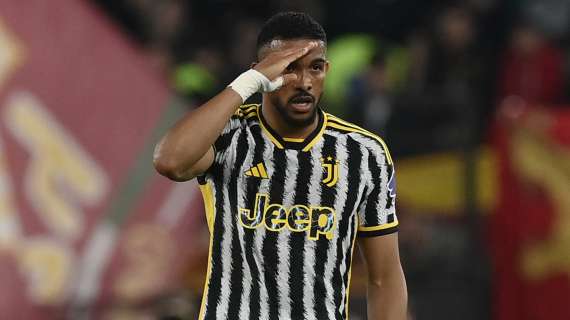 Borussia-Juventus, finisce la partita di Bremer: dentro Rugani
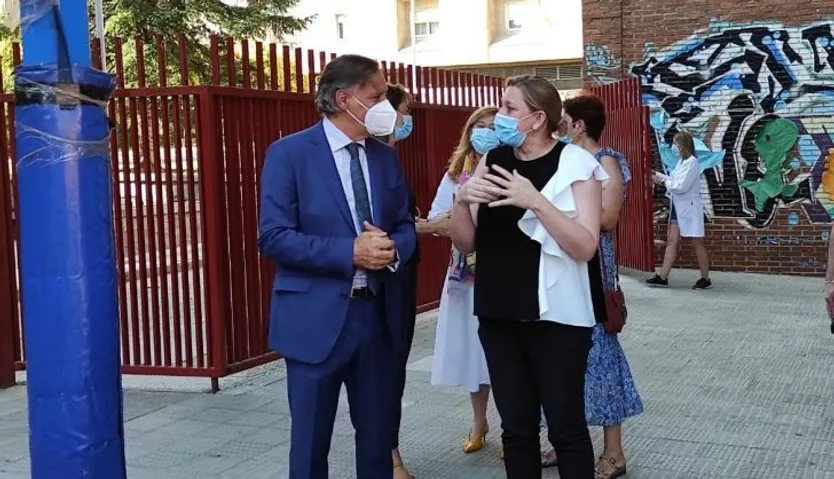 El alcalde de Salamanca, Carlos García Carbayo, y la consejera de Familia, Isabel Blanco, en el colegio salmantino Rufino Blanco (2)
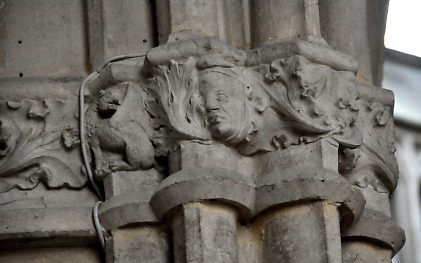 Chapiteau avec feuillage et tête humaine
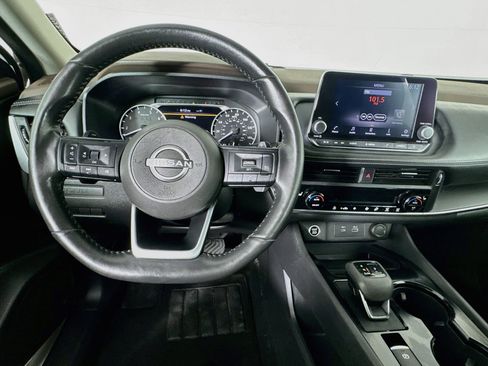 Used 2022 Nissan Rogue S AWD/4WD image 10
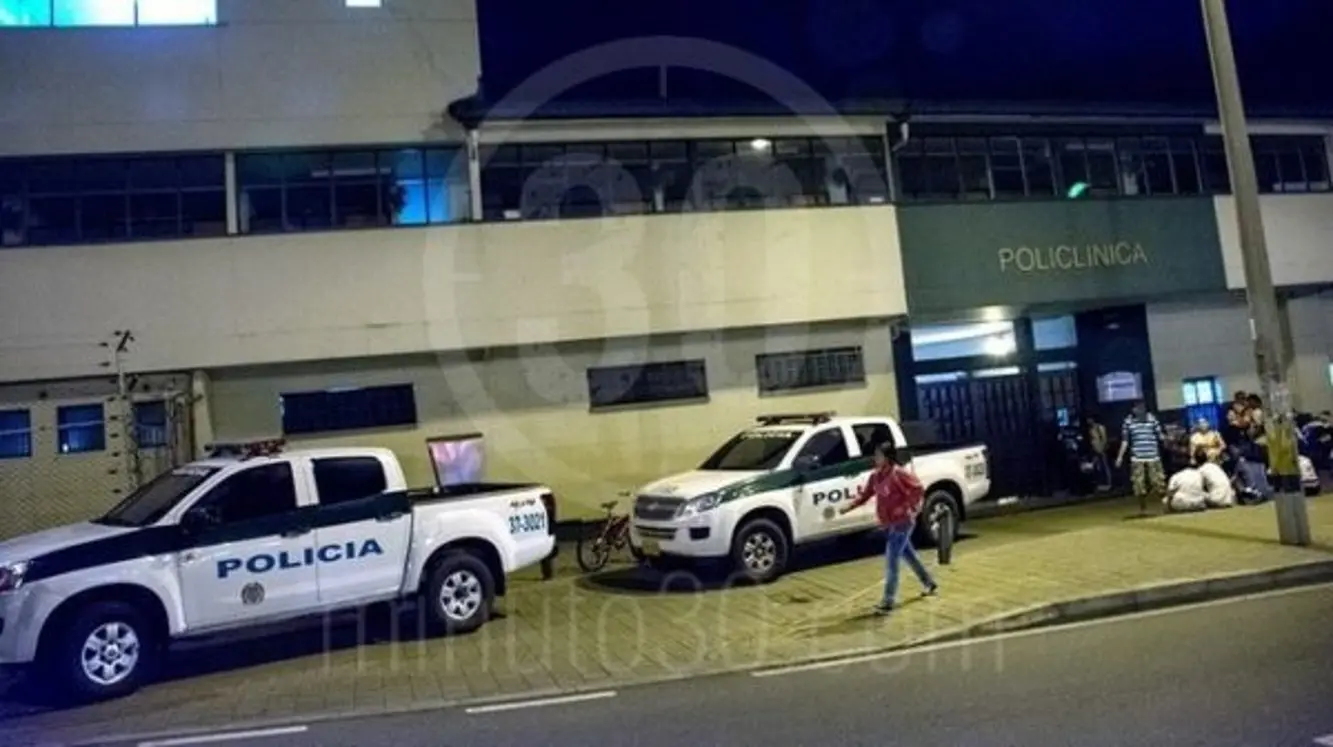 muerto, estacion de policia,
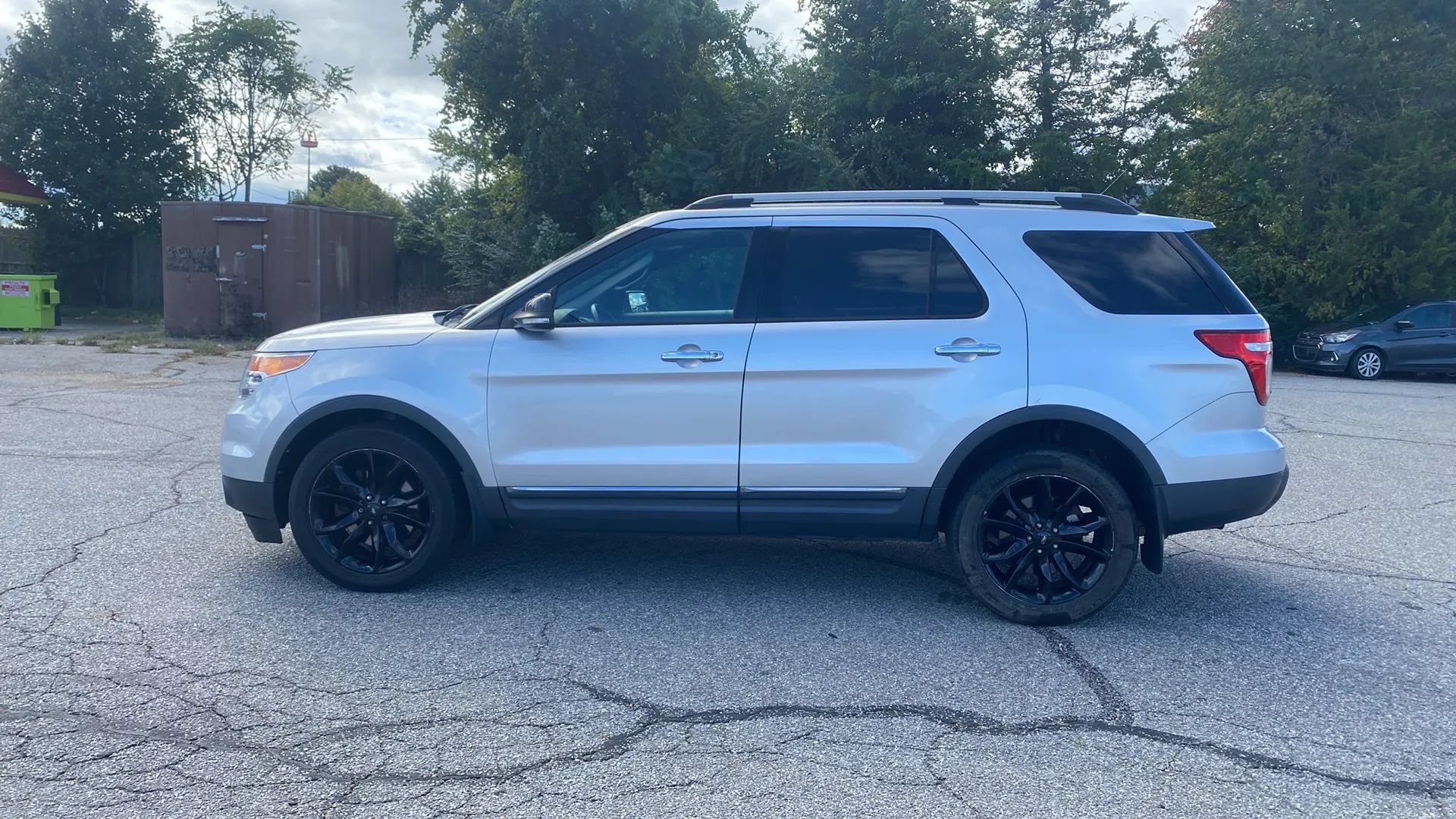 Used 2015 Ford Explorer XLT w/ Equipment Group 202B AWD/4WD image 2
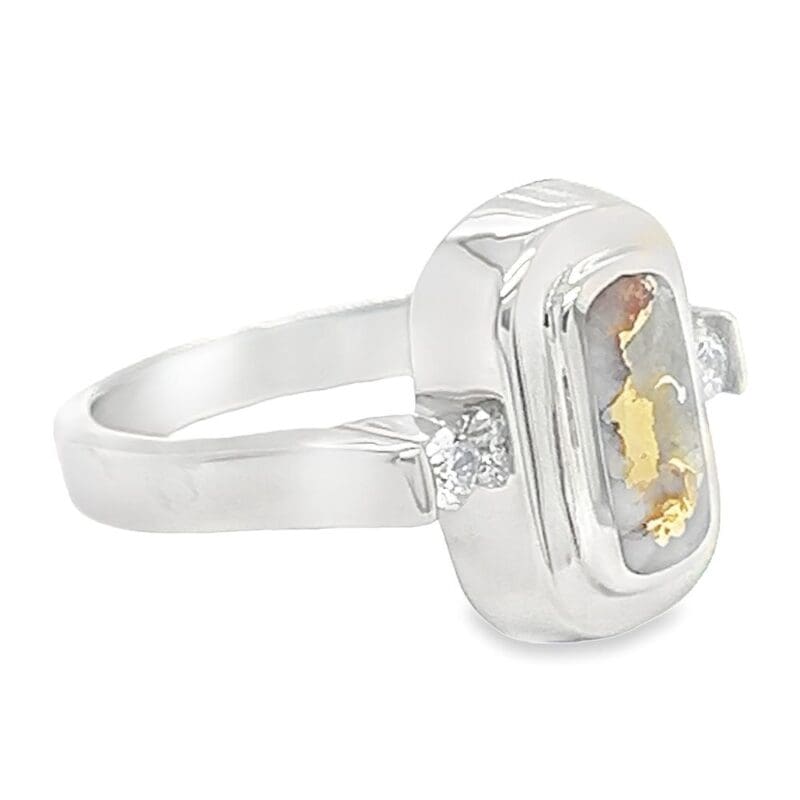 Ladies Diamond White Gold Gold Quartz Ring, Alaska Mint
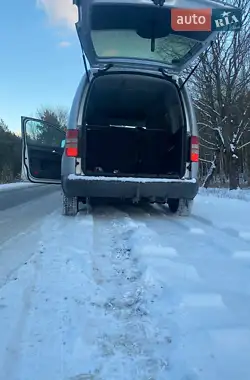 Volkswagen Caddy 2011
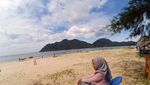 Byur! Asyiknya Liburan di Pantai Lampuuk Aceh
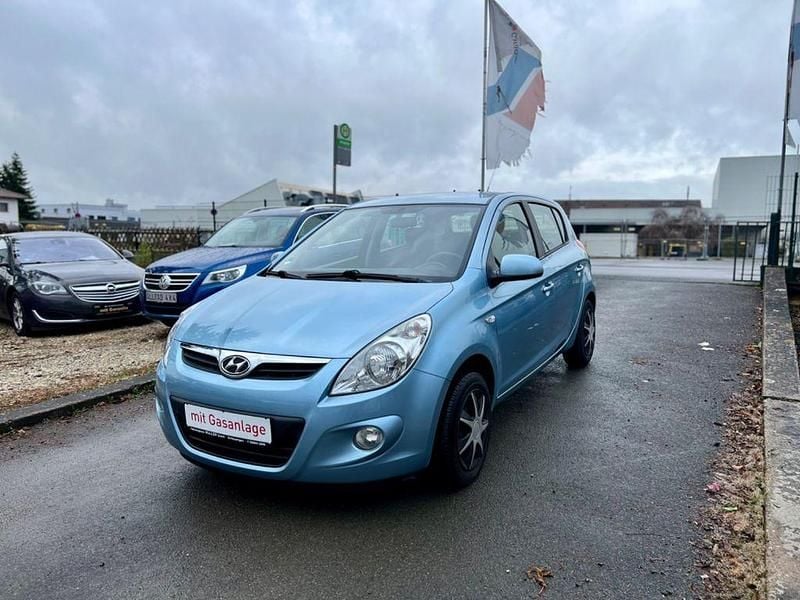 Blau Gebraucht 2009 Hyundai i20 Limousine | 2.490 € (Fairer Preis) - Bild 1/4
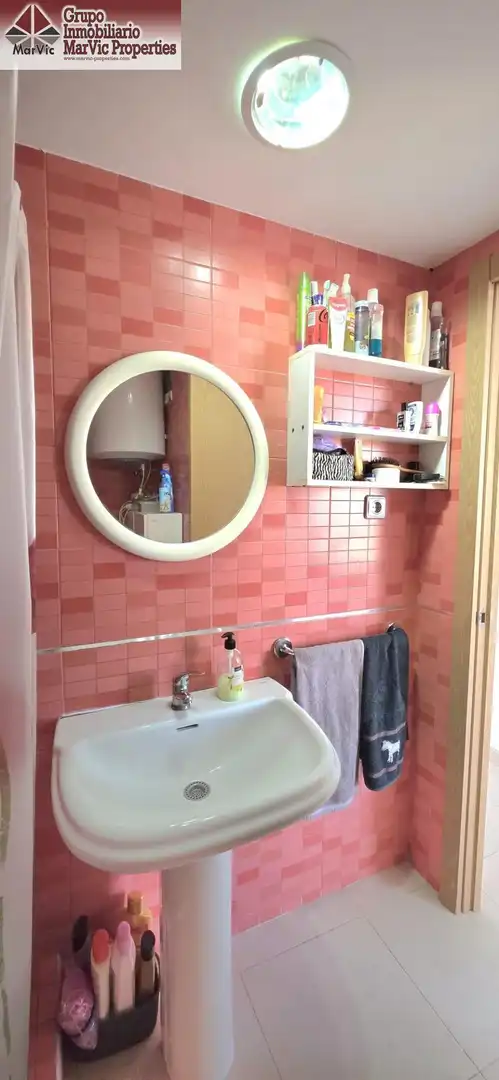 Baño de Apartamento en venta en Benidorm con Aire acondicionado, Terraza y Amueblado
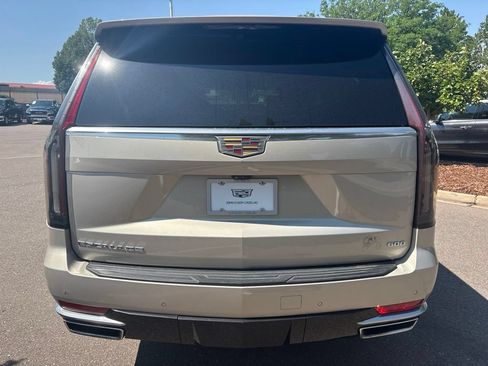 Used 2021 Cadillac Escalade ESV Premium Luxury w/ Driver Assist Tech Package AWD/4WD image 4
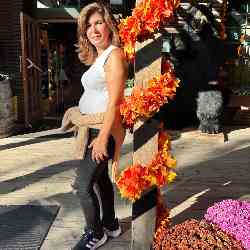 Single Iranian woman in Los Angeles, CA, United States
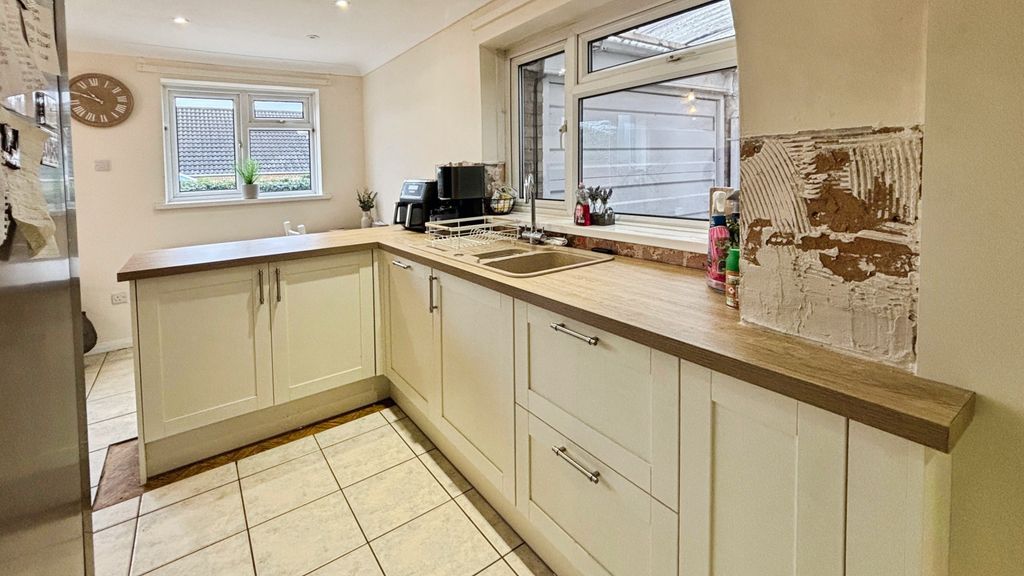 Property photo 3 of 14 Kitchen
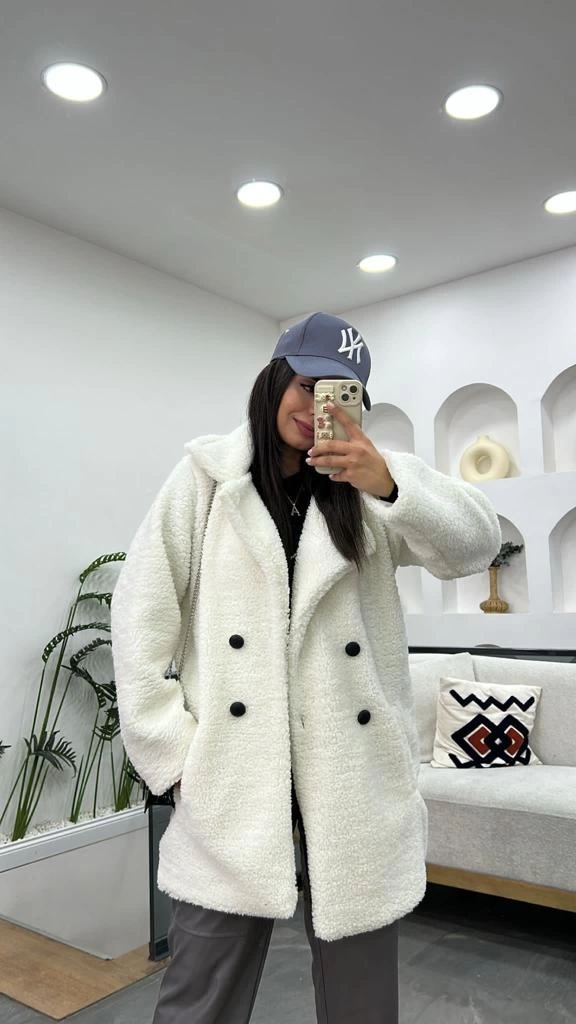 Pullaps Dört Düğmeli Cepli Komple Astarlı Kaban Beyaz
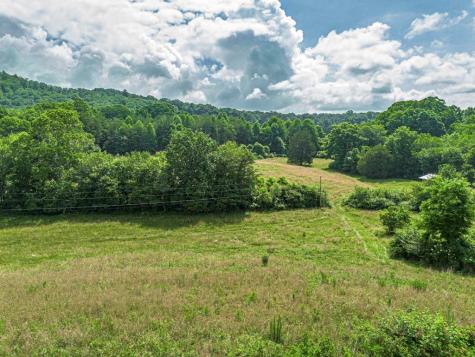 541 Pleasant Hill Road Copperhill TN 37317
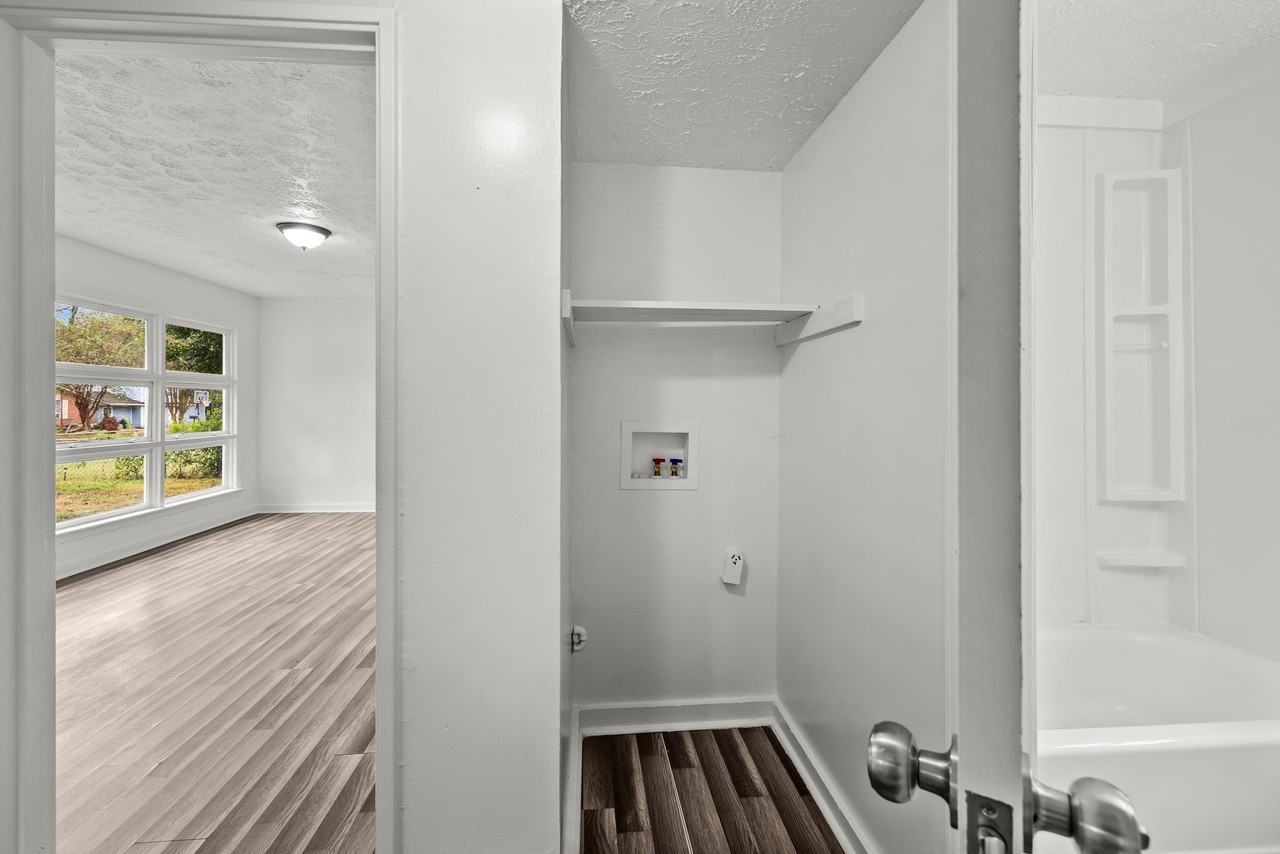 341 Chisholm St #1 - Photo 7 of 15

---------------

▸ **Exercise**: From the records above, give again only the part that opens with the line containing "Blau Gebraucht 2009" and closes with the line containing "Single Iranian woman". Keep both ends but drop the pictures.

▸ **Answer area**:
 Blau Gebraucht 2009 Hyundai i20 Limousine | 2.490 € (Fairer Preis) - Bild 1/4
 Baño de Apartamento en venta en Benidorm con Aire acondicionado, Terraza y Amueblado
 Used 2021 Cadillac Escalade ESV Premium Luxury w/ Driver Assist Tech Package AWD/4WD image 4
 Single Iranian woman in Los Angeles, CA, United States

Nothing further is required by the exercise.